/msisensor2

Microsatellite instability (MSI) detection for tumor only data.

Primary LanguageRGNU General Public License v3.0GPL-3.0

MSIsensor2

NOTE: Now we offer customized site model training services based on the BED file provided by the user.

MSIsensor2 is a novel algorithm based machine learning, featuring a large upgrade in the microsatellite instability (MSI) detection for tumor only sequencing data, including Cell-Free DNA (cfDNA), Formalin-Fixed Paraffin-Embedded(FFPE) and other sample types.
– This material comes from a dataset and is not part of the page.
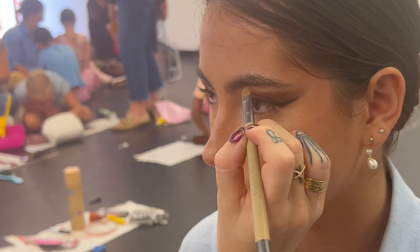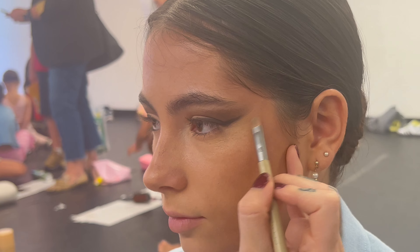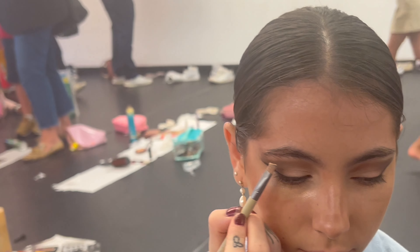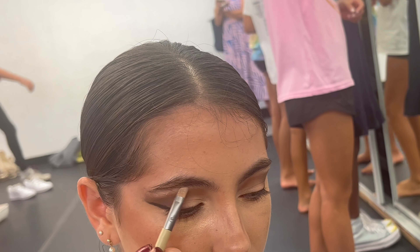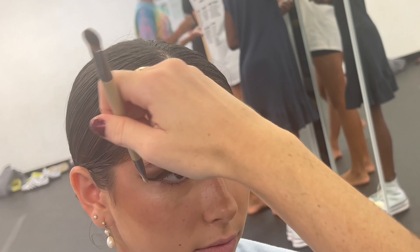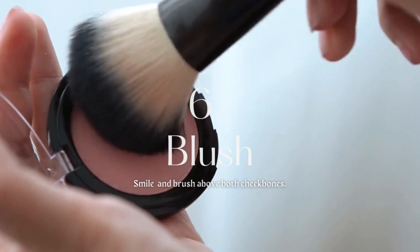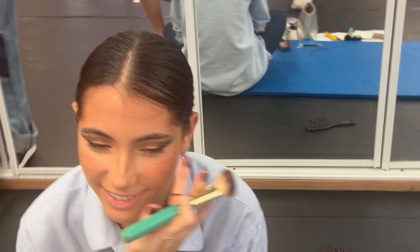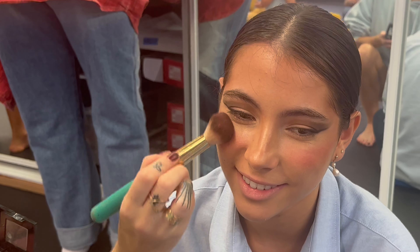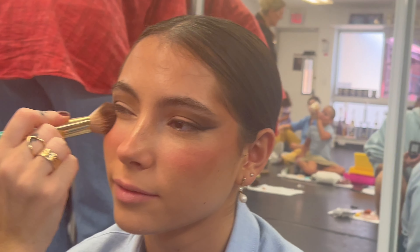You're also going to highlight underneath the brow. Smile so you can see your little cheekbones, put it right there, and brush it up — just like the bronzer — right above the bronzer. I put a heavy amount of blush on as well, because this is stage makeup, and with bright white light it washes you out. So heavy, heavy, heavy.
The original MSIsensor is specially designed for tumor/normal paired sequencing data.

Result

Given tumor only sequencing data, MSIsensor2 uses machine learning models to figure out the MSI status for a distribution per microsatellite. Finally, the msi score (number of msi sites / all valid sites) can be calculated. In our test of 117 EGA samples, results from tumor only module are comparable with paired tumor and normal sequencing data input (see two result figures below) . The recommended msi score cutoff value is 20% (msi high: msi score >= 20%). We also tested TCGA and EGA data whose results showed the accuracy of tumor only module is up to 99% and illustrated the comparable performance advantage of tumor only module over original MSIsensor tumor/normal paired module (see ROC figures below) . In addition, for the tumor only module, we also tested cfDNA sequencing data from different companies. The results showed that MSIsensor2 can accurately discriminate the microsatellite status of cfDNA (>0.1% tumor content) sequencing samples.

Tumor Only vs Paired

Correlation coefficient between the two modules is 0.94, that levels of the msi score of different samples perform similarly under the two modules.High R-square shows that even though the two modules use different algorithms, their results are highly consistent, which fully demonstrates that the result of our tumor only module is reliable.

MSIsensor2 vs TSO500

To further illustrate the accuracy of tumor only module in MSIsensor2, we deliberately customized a model for the TSO500-panel and tested it with 10 samples. The results are shown in the table below. It is not difficult to see that the model we customized for the TSO500 is consistent with its own ability to discriminate the microsatellite status of the sample. In addition, MSIsensor2 is not critical to sequencing methods or sequencing types, which refers that MSIsensor2 can handle both target gene sequencing data and amplification sequencing data, furthermore, it is applicable for WES, WGS, panel and cfDNA data.

Faster!

By testing 117 samples from EGA with different types of sequencing data, in average, the tumor only module is 10 times faster than the paired module of MSIsensor. A typical WES data can be finished within 180 seconds.

Install

Currently, MSIsensor2 is based on Linux system, and we provide binaries only. Please note your GCC version should be at least 4.8.x.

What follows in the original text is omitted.